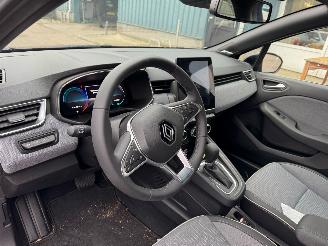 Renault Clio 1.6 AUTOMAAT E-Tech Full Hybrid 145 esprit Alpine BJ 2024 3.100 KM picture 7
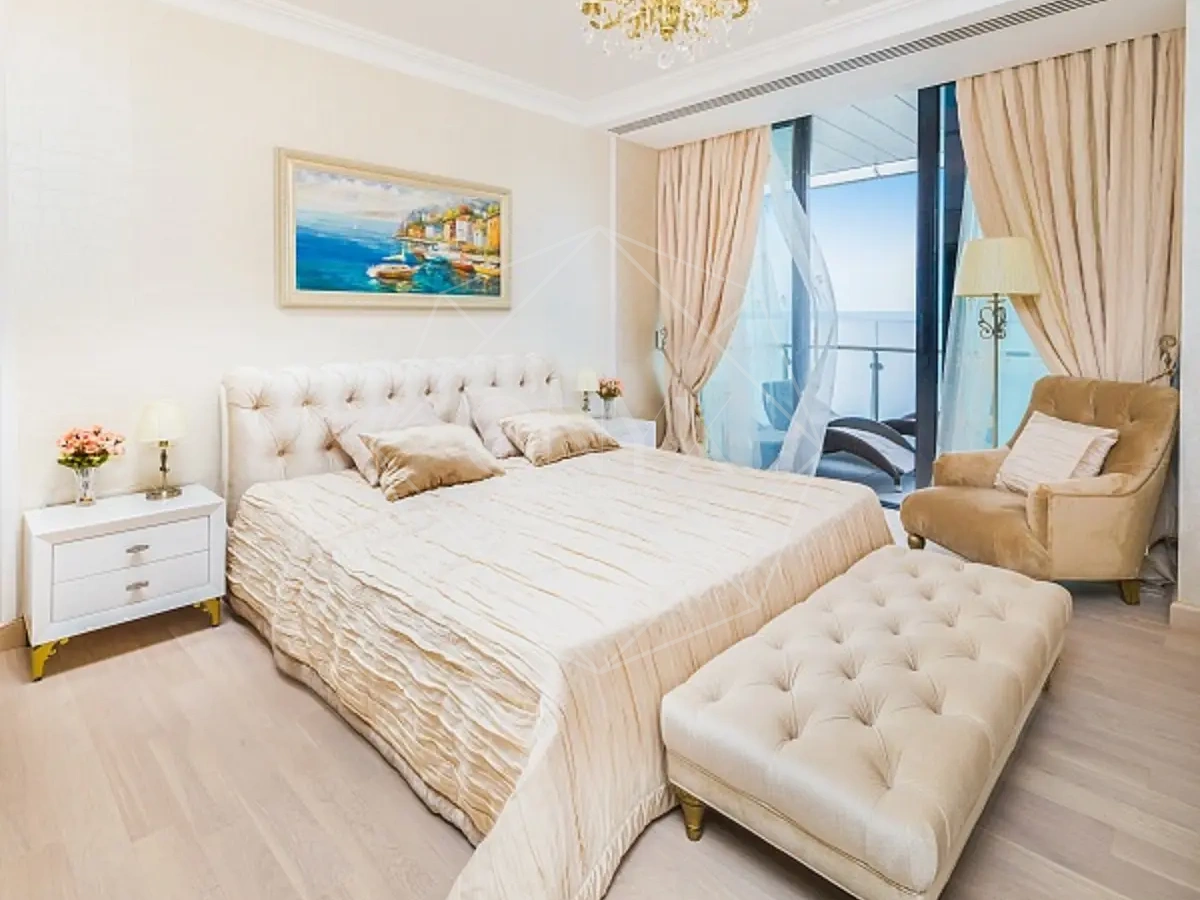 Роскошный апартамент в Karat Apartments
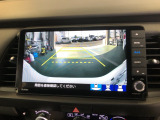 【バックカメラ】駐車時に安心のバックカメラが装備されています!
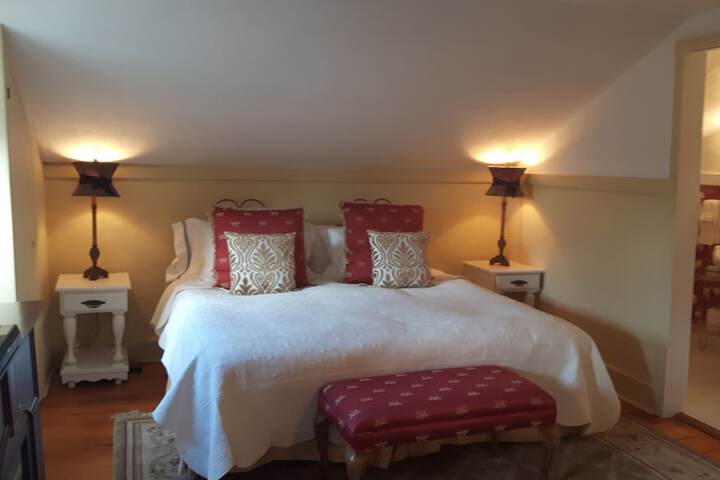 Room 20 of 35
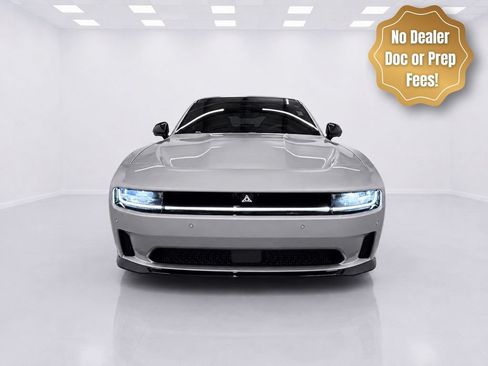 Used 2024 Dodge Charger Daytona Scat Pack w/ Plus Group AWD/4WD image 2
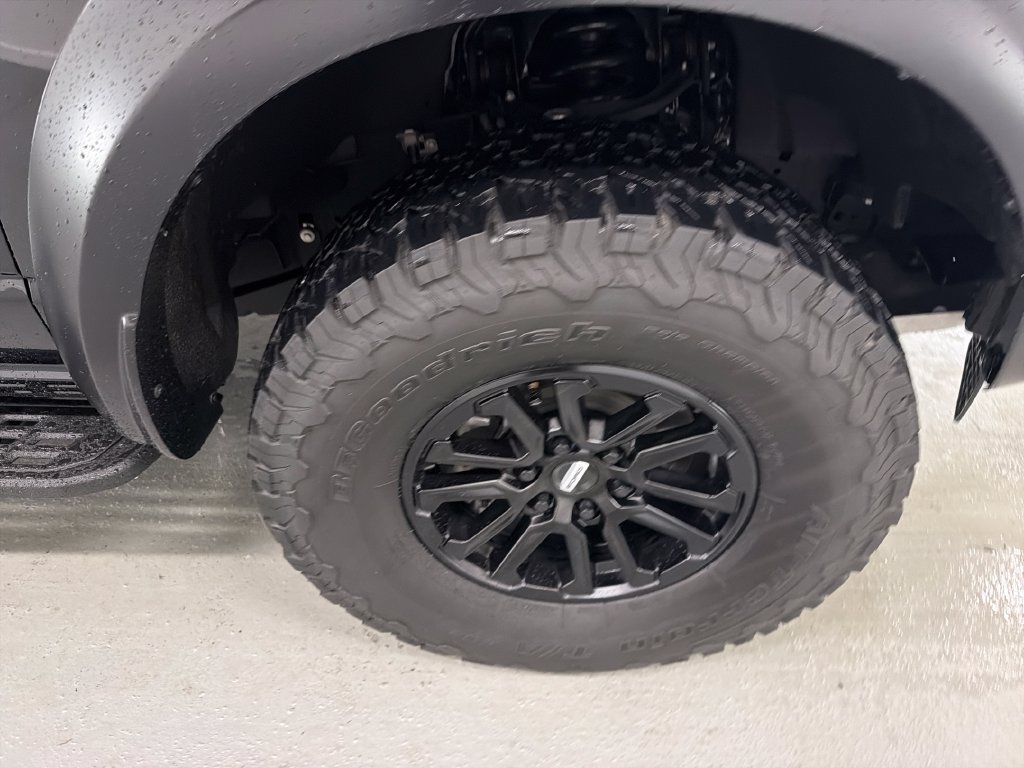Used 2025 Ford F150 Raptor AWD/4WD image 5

:::

What you should do:
Print exactly the lines from the line with "Роскошный апартамент в Karat Apartments" through the end of the data, both ends included, and print no pictures.

Response:
 Роскошный апартамент в Karat Apartments
 【バックカメラ】駐車時に安心のバックカメラが装備されています!
 Room 20 of 35
 Used 2024 Dodge Charger Daytona Scat Pack w/ Plus Group AWD/4WD image 2
Used 2025 Ford F150 Raptor AWD/4WD image 5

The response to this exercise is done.